# What is being asked
For this exercise, copy exactly only the lines from the one containing "Cover: 9780099583073 |" to the final line of the material below, without the pictures.

# Dataset records
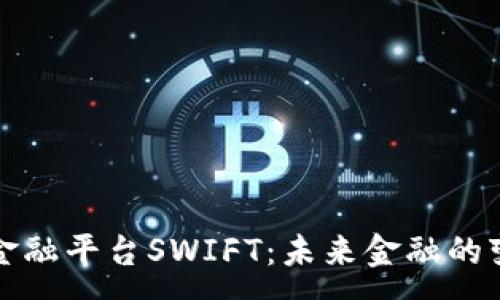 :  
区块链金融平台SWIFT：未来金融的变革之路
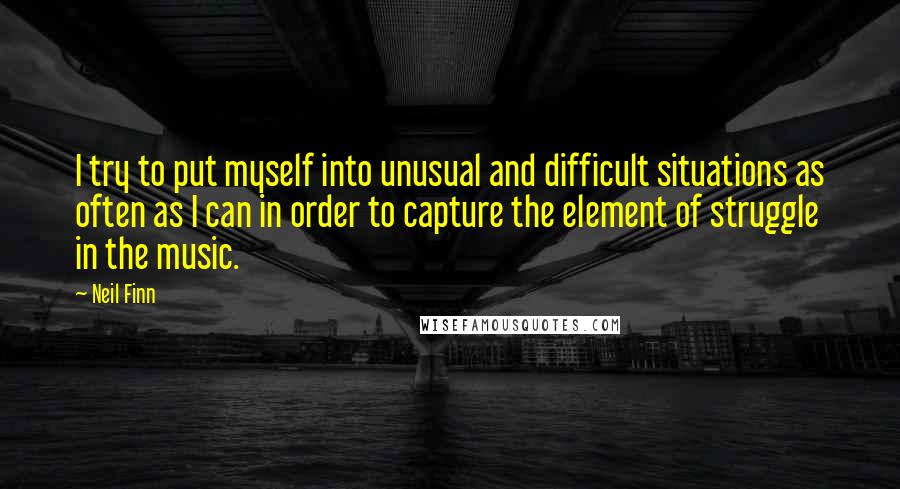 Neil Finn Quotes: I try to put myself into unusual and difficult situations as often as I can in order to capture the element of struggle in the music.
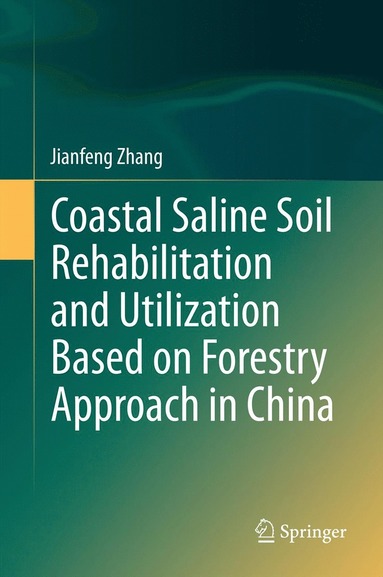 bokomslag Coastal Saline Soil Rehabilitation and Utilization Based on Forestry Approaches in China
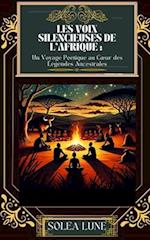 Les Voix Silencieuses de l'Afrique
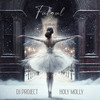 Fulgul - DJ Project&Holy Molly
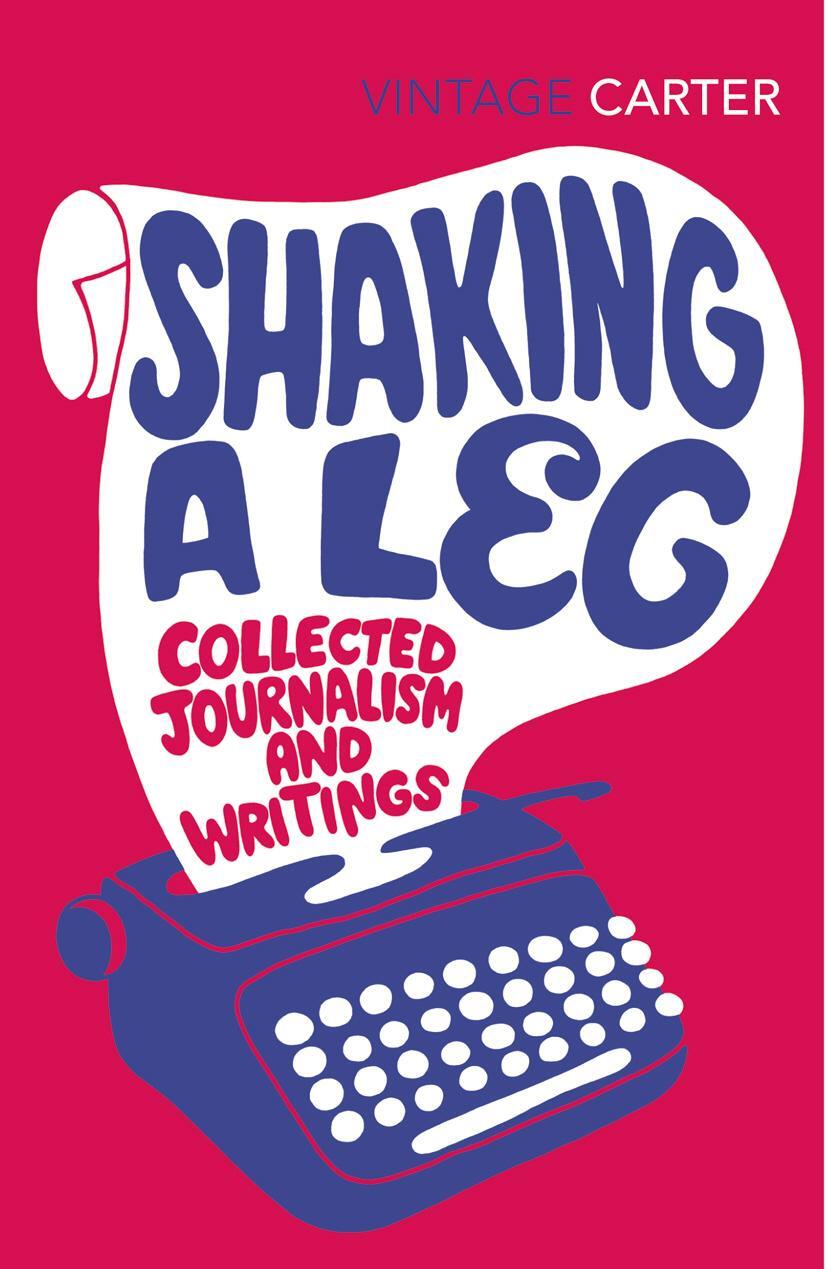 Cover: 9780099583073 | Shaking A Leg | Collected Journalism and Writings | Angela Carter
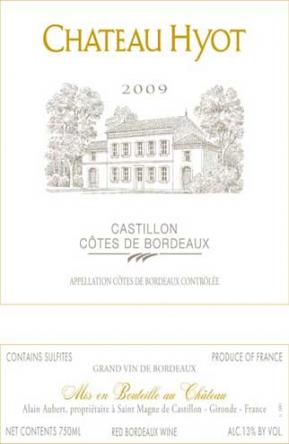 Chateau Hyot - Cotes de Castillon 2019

# Solution below
 Cover: 9780099583073 | Shaking A Leg | Collected Journalism and Writings | Angela Carter
 Chateau Hyot - Cotes de Castillon 2019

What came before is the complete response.